Any modification of the render stream now happens *before* the
echo detector enqueues render stream frames. In this way, there
is no impact of the render pre-processor on the echo likelihood
metric.
Bug: webrtc:9591
Change-Id: I9b5e339e892796a0d0cd072fdd45d35ec89d8802
Reviewed-on: https://webrtc-review.googlesource.com/93031
Reviewed-by: Per Ã…hgren <peah@webrtc.org>
Commit-Queue: Alessio Bazzica <alessiob@webrtc.org>
Cr-Commit-Position: refs/heads/master@{#24251}
diff --git a/modules/audio_processing/audio_processing_impl_unittest.cc b/modules/audio_processing/audio_processing_impl_unittest.cc
index 3ac5e71..8926f02 100644
--- a/modules/audio_processing/audio_processing_impl_unittest.cc
+++ b/modules/audio_processing/audio_processing_impl_unittest.cc
@@ -10,7 +10,10 @@
#include "modules/audio_processing/audio_processing_impl.h"
+#include "modules/audio_processing/include/audio_processing.h"
#include "modules/audio_processing/test/test_utils.h"
+#include "rtc_base/refcountedobject.h"
+#include "rtc_base/scoped_ref_ptr.h"
#include "test/gmock.h"
#include "test/gtest.h"
@@ -33,24 +36,83 @@
MOCK_CONST_METHOD0(Release, rtc::RefCountReleaseStatus());
};
-void GenerateFixedFrame(int16_t audio_level,
- size_t input_rate,
- size_t num_channels,
- AudioFrame* fixed_frame) {
+void InitializeAudioFrame(size_t input_rate,
+ size_t num_channels,
+ AudioFrame* frame) {
const size_t samples_per_input_channel = rtc::CheckedDivExact(
input_rate, static_cast<size_t>(rtc::CheckedDivExact(
1000, AudioProcessing::kChunkSizeMs)));
- fixed_frame->samples_per_channel_ = samples_per_input_channel;
- fixed_frame->sample_rate_hz_ = input_rate;
- fixed_frame->num_channels_ = num_channels;
-
RTC_DCHECK_LE(samples_per_input_channel * num_channels,
AudioFrame::kMaxDataSizeSamples);
- for (size_t i = 0; i < samples_per_input_channel * num_channels; ++i) {
- fixed_frame->mutable_data()[i] = audio_level;
+ frame->samples_per_channel_ = samples_per_input_channel;
+ frame->sample_rate_hz_ = input_rate;
+ frame->num_channels_ = num_channels;
+}
+
+void FillFixedFrame(int16_t audio_level, AudioFrame* frame) {
+ const size_t num_samples = frame->samples_per_channel_ * frame->num_channels_;
+ for (size_t i = 0; i < num_samples; ++i) {
+ frame->mutable_data()[i] = audio_level;
}
}
+// Mocks EchoDetector and records the first samples of the last analyzed render
+// stream frame.
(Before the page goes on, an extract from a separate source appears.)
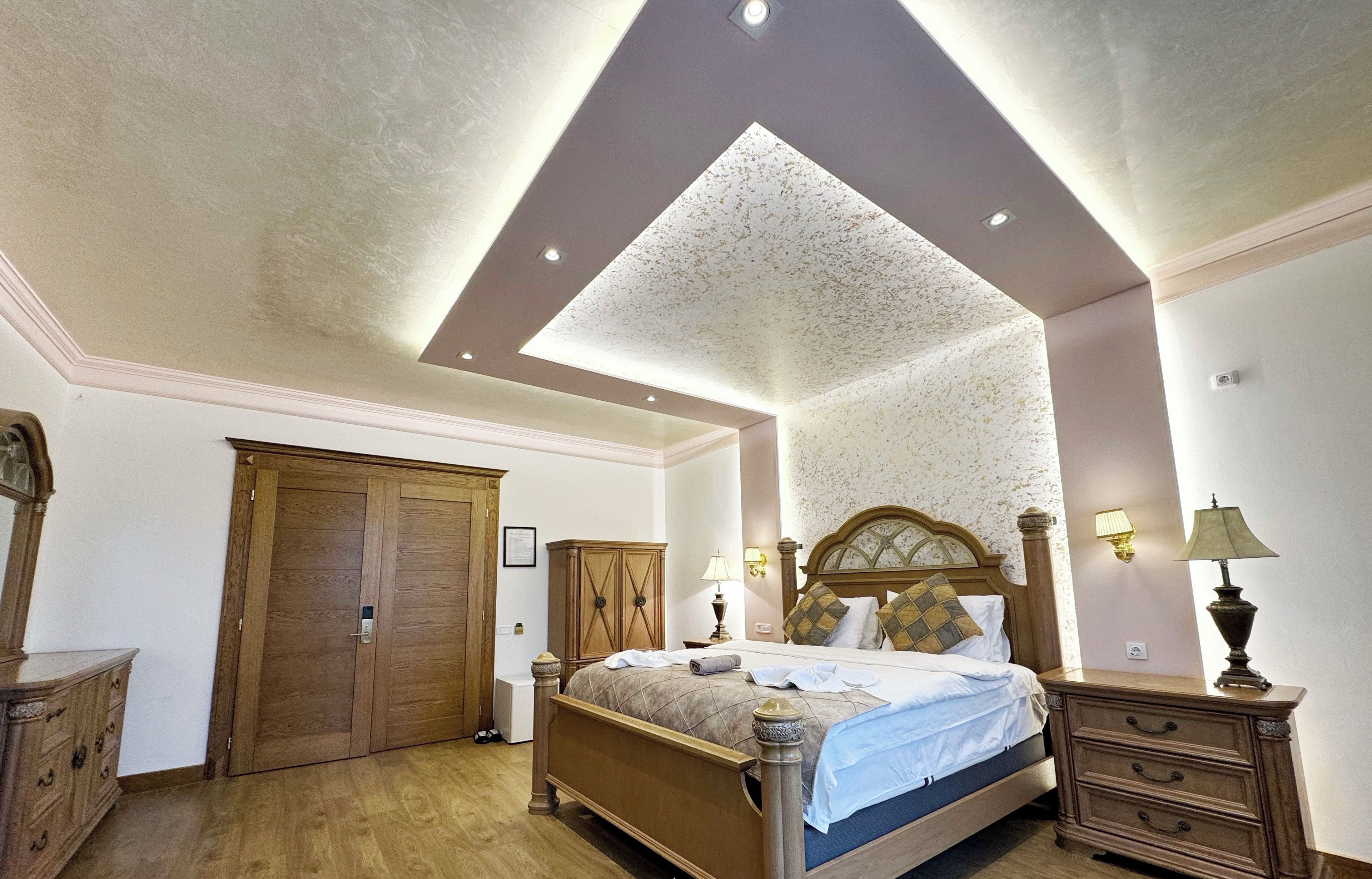 Un dormitorio con cama de madera, armario, cómoda y lámpara en el techo.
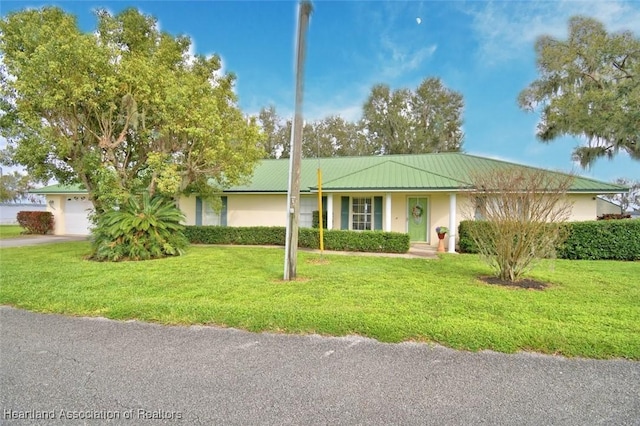 ranch-style home with a garage, metal roof, a front lawn, and stucco siding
Used to check what data is read by an EchoDetector
+// implementation injected into an APM.
+class TestEchoDetector : public EchoDetector {
+ public:
+ TestEchoDetector()
+ : analyze_render_audio_called_(false),
+ last_render_audio_first_sample_(0.f) {}
+ ~TestEchoDetector() override = default;
+ void AnalyzeRenderAudio(rtc::ArrayView<const float> render_audio) override {
+ last_render_audio_first_sample_ = render_audio[0];
+ analyze_render_audio_called_ = true;
+ }
+ void AnalyzeCaptureAudio(rtc::ArrayView<const float> capture_audio) override {
+ }
+ void Initialize(int capture_sample_rate_hz,
+ int num_capture_channels,
+ int render_sample_rate_hz,
+ int num_render_channels) override {}
+ EchoDetector::Metrics GetMetrics() const override { return {}; }
+ // Returns true if AnalyzeRenderAudio() has been called at least once.
+ bool analyze_render_audio_called() const {
+ return analyze_render_audio_called_;
+ }
+ // Returns the first sample of the last analyzed render frame.
+ float last_render_audio_first_sample() const {
+ return last_render_audio_first_sample_;
+ }
+
+ private:
+ bool analyze_render_audio_called_;
+ float last_render_audio_first_sample_;
+};
+
+// Mocks CustomProcessing and applies ProcessSample() to all the samples.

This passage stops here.